Round 1, referred to as the “baseline training”, incorporated 11,538 radiographic images (baseline, or “Base” for short in
Table 1). It was aimed at validating the CNN models (i.e., Level 1) as well as evaluating whether the models can classify new samples that are either similar (Level 2), outliers (Level 3), or have higher levels of dissimilarity (Level 4). In doing so, a preliminary evaluation of the model’s interpolation and extrapolation capacity was obtained, based on which further training and testing could be designed.

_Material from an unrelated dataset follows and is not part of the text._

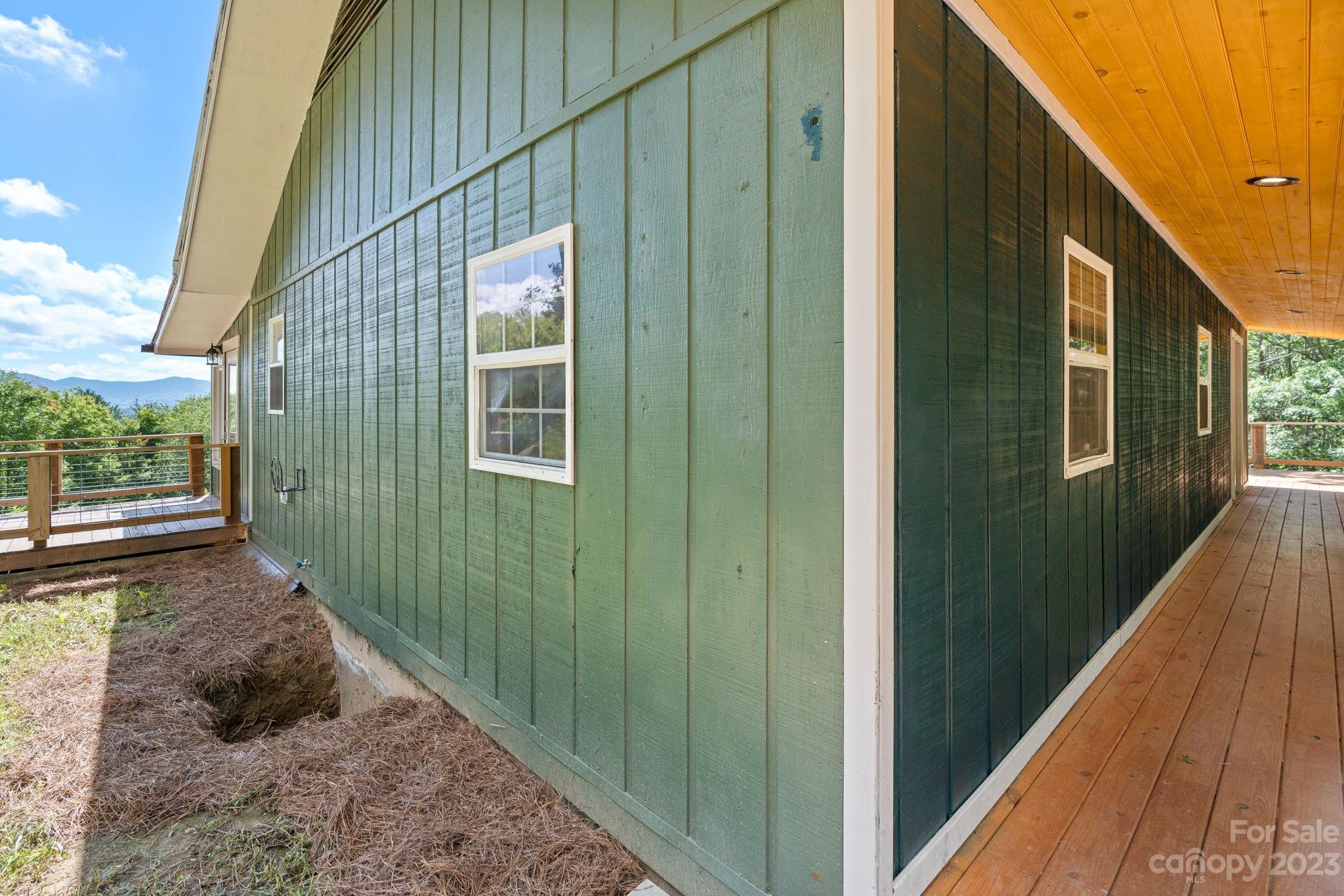632 Thunder Road Clyde, NC 28721 - Photo 32 of 41 a view of a balcony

To evaluate the effects of re-training on model performance, five rounds of training were performed in this study with incrementally extended data. The selection of added images was determined by the testing results in Round 1. In Round 2, 25% of the outlier (Level 3) images were added in the hope that the CNN model could learn the inherent features of those outliers and thus improve the classification accuracy of these outlier images. In Round 3, 50% of the outlier images were added. In comparison to Round 2, this round aimed to quantitatively evaluate the performance improvement as a function of added images.

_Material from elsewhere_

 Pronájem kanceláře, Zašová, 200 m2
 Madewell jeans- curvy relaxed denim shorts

Round 2 and Round 3 training exemplified the processes of model development and optimization within one medical center based on its own data. In contrast, Rounds 4 and 5 training represented scenarios where the automated diagnostic system was used in other medical centers, and when generating sub-optimal performances, it was further improved by including new images to re-train the system. Similarly, the two-round training (Rounds 4 and 5) was designed to quantify performance improvements vs. added images. Round 4 included 25% of dataset 3 training images in addition to the Base and 50% outlier, while Round 5 included 50% of dataset 3 training images (
Figure 1b, lowest row).
To evaluate the network classification performance, various indices were quantified, including accuracy, sensitivity, specificity, precision, AUC (area under the curve), and ROC (receiver operating characteristic) curve. For three-class classification (i.e., 1, 2, 3), the performance matrices were extended from their binary counterparts. Based on a three-class confusion matrix (blue dashed rectangle) in
Figure 1c, the accuracy is the ratio of correct predictions over all predictions (
Figure 1c, left bottom). The category-wise matrices (specificity, sensitivity, and precision) were calculated using the equations listed to the right of
Figure 1c. For the Receiver Operating Characteristic (ROC) curve, the One-vs-Rest approach (OvR) was used, e.g., COVID vs. (normal plus pneumonia). In this study, all category-wise matrices were presented for COVID unless stated otherwise.
The CNN model training/testing was conducted using an AMD Ryzen 3960X 24-Core workstation with 3.79 GHz processors, 256 GB RAM, and 24 GB GPU (PNY NVIDIA GeForce RTX 3090). For the approximately 12,000 images used in this study, one round of training for one CNN model took approximately 4–7 h.